Vanda stumbles into the theater from off the street, drenched from a French cloudburst. She curses, stumbles about, pleads. Can’t she get an audition?
Thomas, the adapter/director, has just gotten off the phone, griping to his fiancee that he cannot cast this new play. It needs “a woman.” These days, actresses “sound like 10-year-olds on helium.”
But Vanda, all woman, isn’t who he had in mind. She’s in a bustier, black stockings and leather mini-skirt. The play he’s casting, Venus in Fur, is based on a novel, “not the Lou Reed song.” Her résumé is underwhelming. She doesn’t know what a “divan” (half-sofa) is when directed to it on stage. She’s gauche, snapping her gum as she dives into a huge bag of costumes, makeup, what have you. Vanda is dolled up like this because she was sure this piece was some sort of “S&M thing.”
No, Thomas sputters, losing patience. This is “a great love story, lovers handcuffed at the heart.” Not “S&M porn.”
But the 1870 novel Venus in Furs was by Leopold von Sacher-Masoch. The author’s last name became the inspiration for the word “masochism.” So maybe she’s on the right track, even if he won’t hear it.
Roman Polanski’s film of David Ives’ play is claustrophobic and theatrical, a chamber piece that’s almost a filmed play. It’s just Vanda (Emmanuelle Seigner) and Thomas (Mathieu Amalric) onstage, doing an overlong audition that toys with issues of directorial control, class conflict and sexism.
It’s a playful riff on the material, starting with the casting.

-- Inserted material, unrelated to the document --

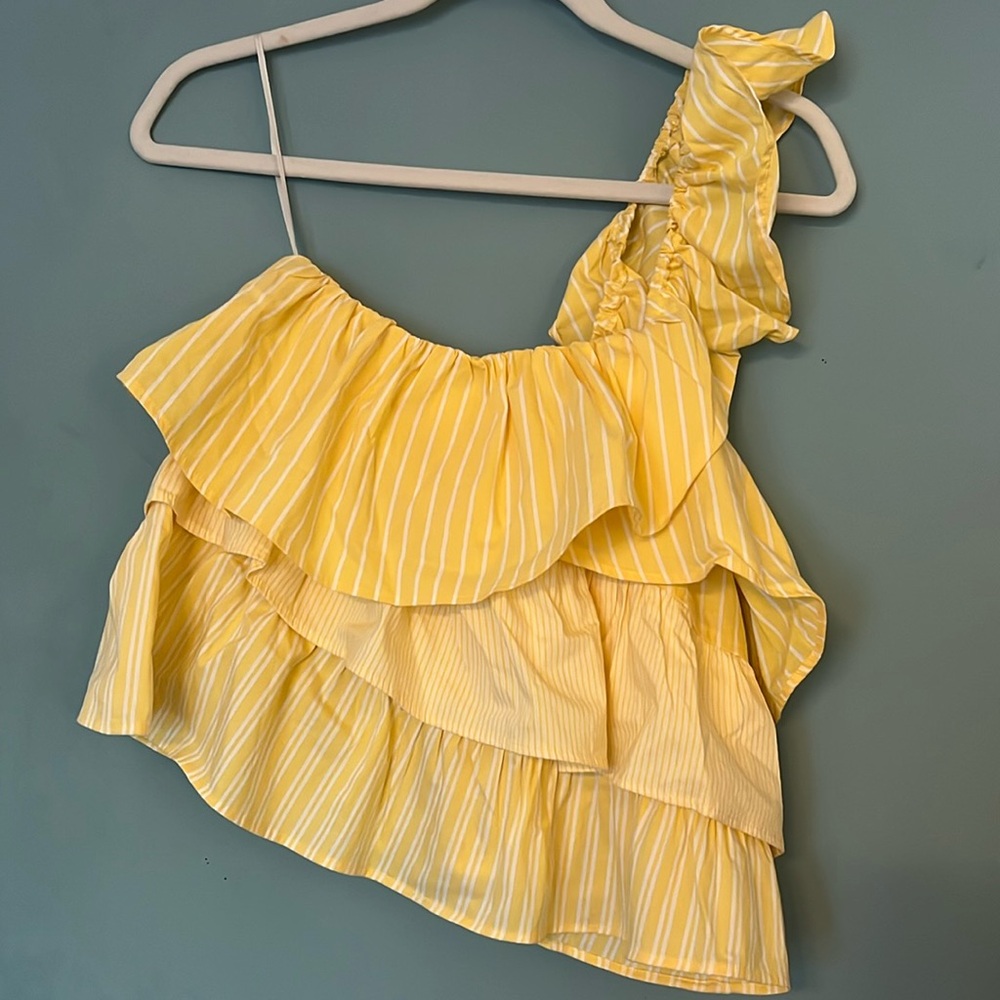 Anthropologie Maeve A-symmetrical yellow top 🌞🌼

Amalric ( Quantum of Solace) is as close to a French-speaking Polanski look-alike as there is. And Seigner is the director’s wife.
Seigner, who worked with Polanski on Frantic and co-starred in The Diving Bell and the Butterfly with Amalric, wears her years in the opening moments. Vanda got her S&M dog collar “from when I was a hooker,” she says. And we can believe it. Unsophisticated, out of her depth, unread, she exhausts Thomas’ sympathy by insisting on donning a costume she dragged with her, on doing vocal exercises before beginning, on dismissing the play that she says her agent just handed her.

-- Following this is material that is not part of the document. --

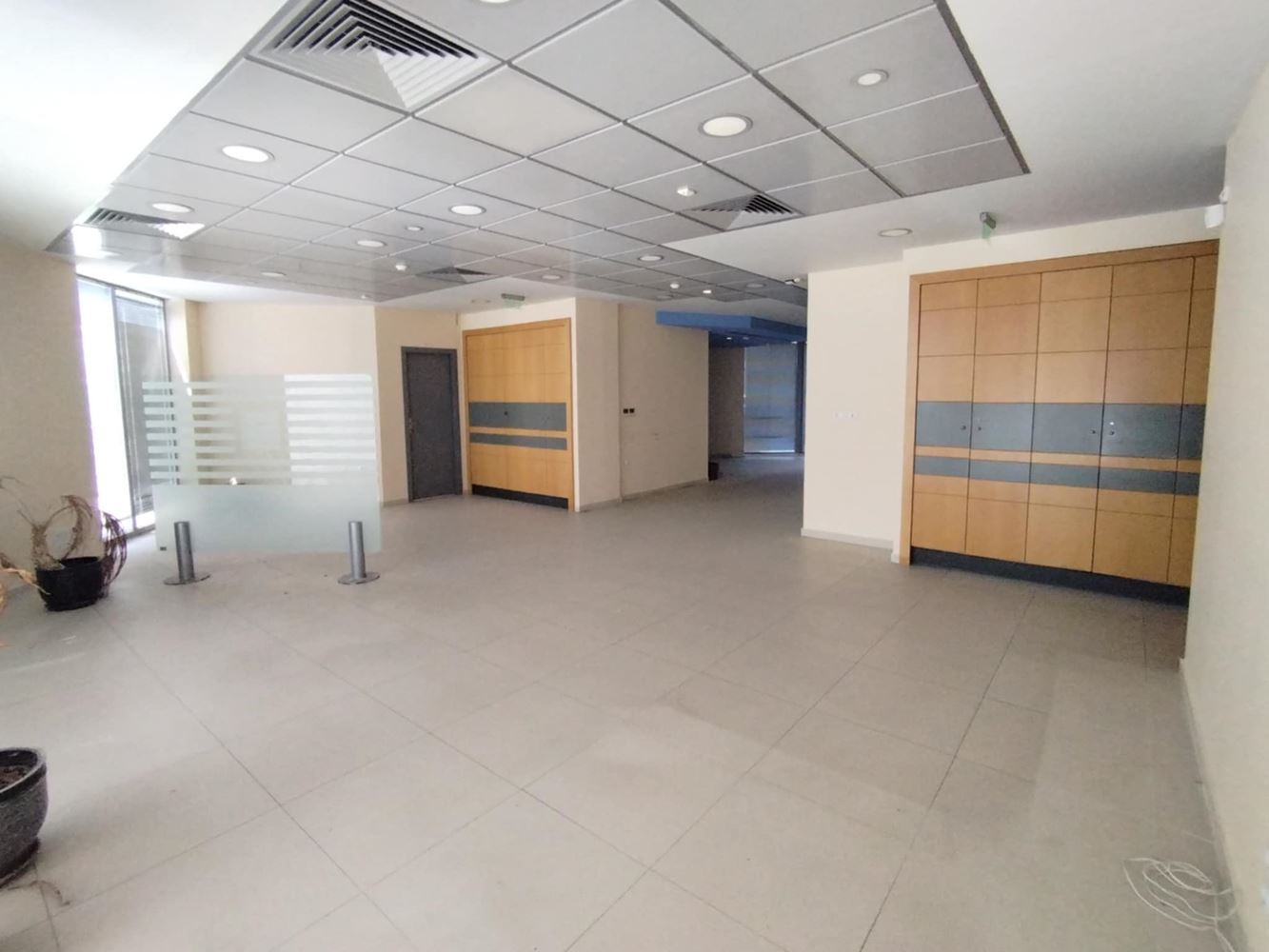 Центр, первый этаж на главной аллее-0 Център, Партерно помещение на главен булевард - 0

“Symbolic?” she wonders, at every odd prop or moment. Especially the fur.
And then she strips off the eyelashes, dabs off some of the lip gloss and transforms. Thomas reads Severin, the male lead role, and is stunned by the fact that she knows his new play by heart. He is exasperated by her efforts to deconstruct the play, to infer that its kinkier moments have their roots in his own past.

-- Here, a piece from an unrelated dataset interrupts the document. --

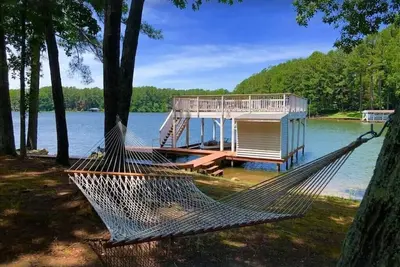 Image de Booking Special-$500 Boat Rental, Lakefront, Family/Pet Friendly, Flat Lot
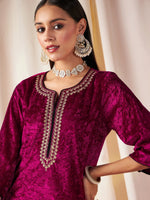 Women Fuchsia Velvet Straight Kurta-SHKUR00303XS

And he is captivated. She flirts, teases and tempts him.
“Naked on stage?” she suggests as she starts restaging the play. “For you, no extra charge.”
Polanski plays up the playful side to material that is not as remotely daring as it must have seemed when the novel was new. The camera moves as the characters slip back and forth from the play to their personal “reality” outside of the script. Seigner and Amalric show their own light touches as they slip back and forth, from positions of power to submission.
As slight as Venus is, it’s just titillating enough to matter, just twisted enough — really, casting your wife and a guy who looks like you? — to suggest that even at age 80, even with virtually no budget, Polanski can deliver a compelling walk on the kinky side.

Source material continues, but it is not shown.